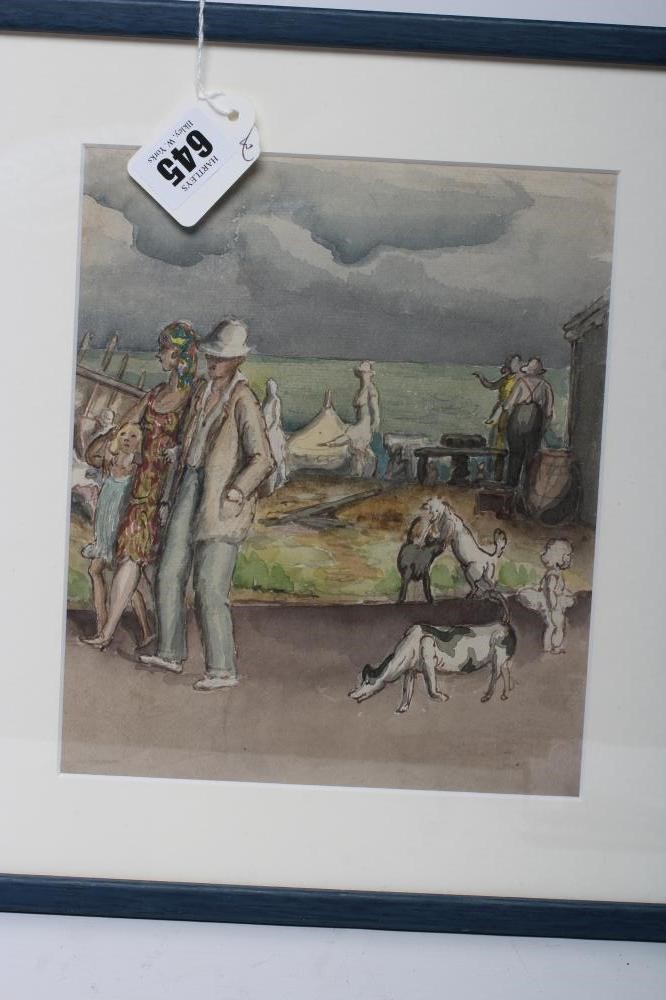 HAROLD HOPE READ (1881-1959) "The Judgement of Paris" Image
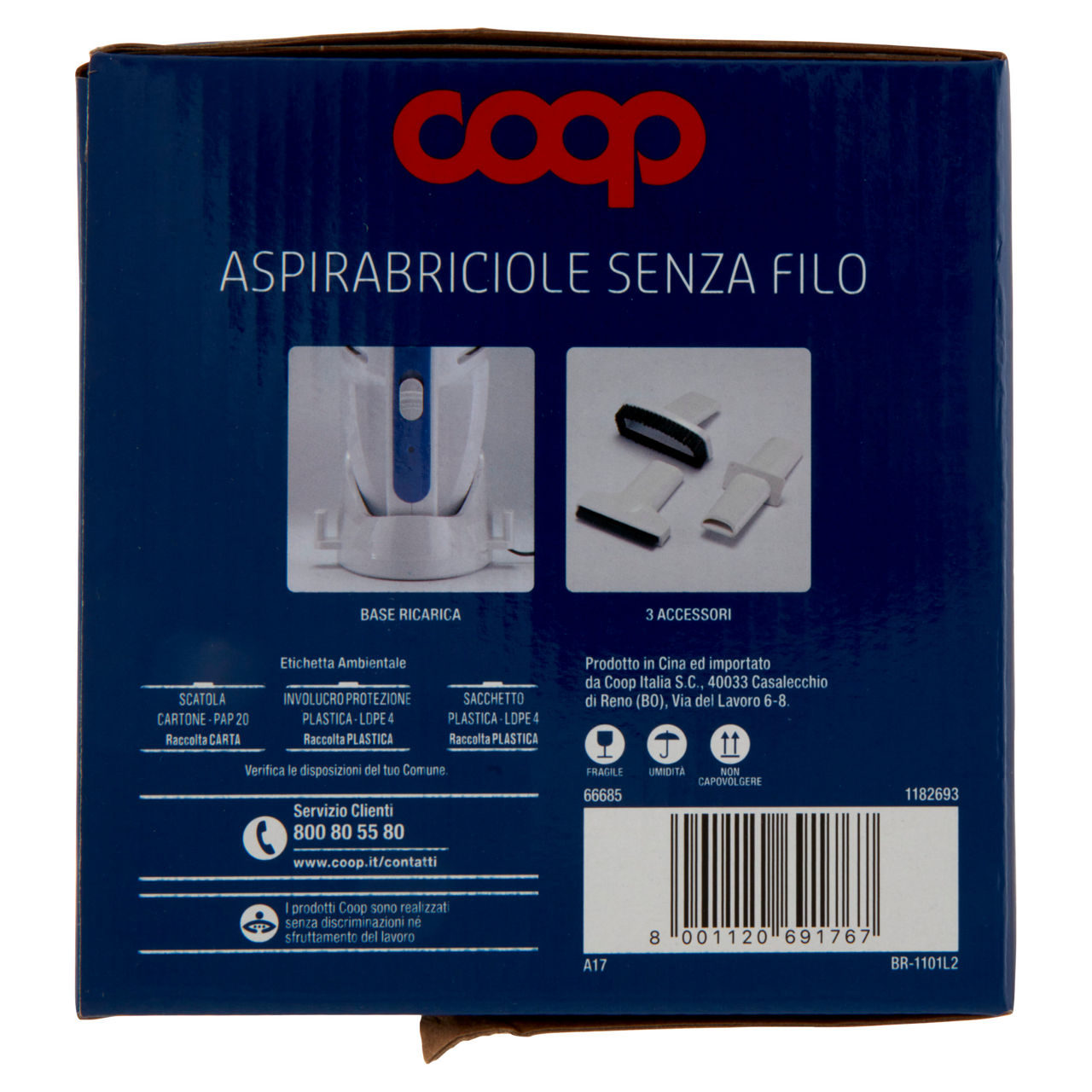 Aspirabriciole senza filo per solidi e liquidi - Immagine 21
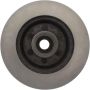 CENTRIC PARTS 121.67019 C-Tek Standard Brake Rotor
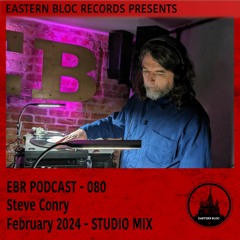 EBR Podcast 080 - Steve Conry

+ + +

**What to produce**
Only an exact copy of the lines from the one with "CENTRIC PARTS 121.67019" through the last line of the data above is wanted, and no pictures.

**Completed exercise**
 CENTRIC PARTS 121.67019 C-Tek Standard Brake Rotor
 EBR Podcast 080 - Steve Conry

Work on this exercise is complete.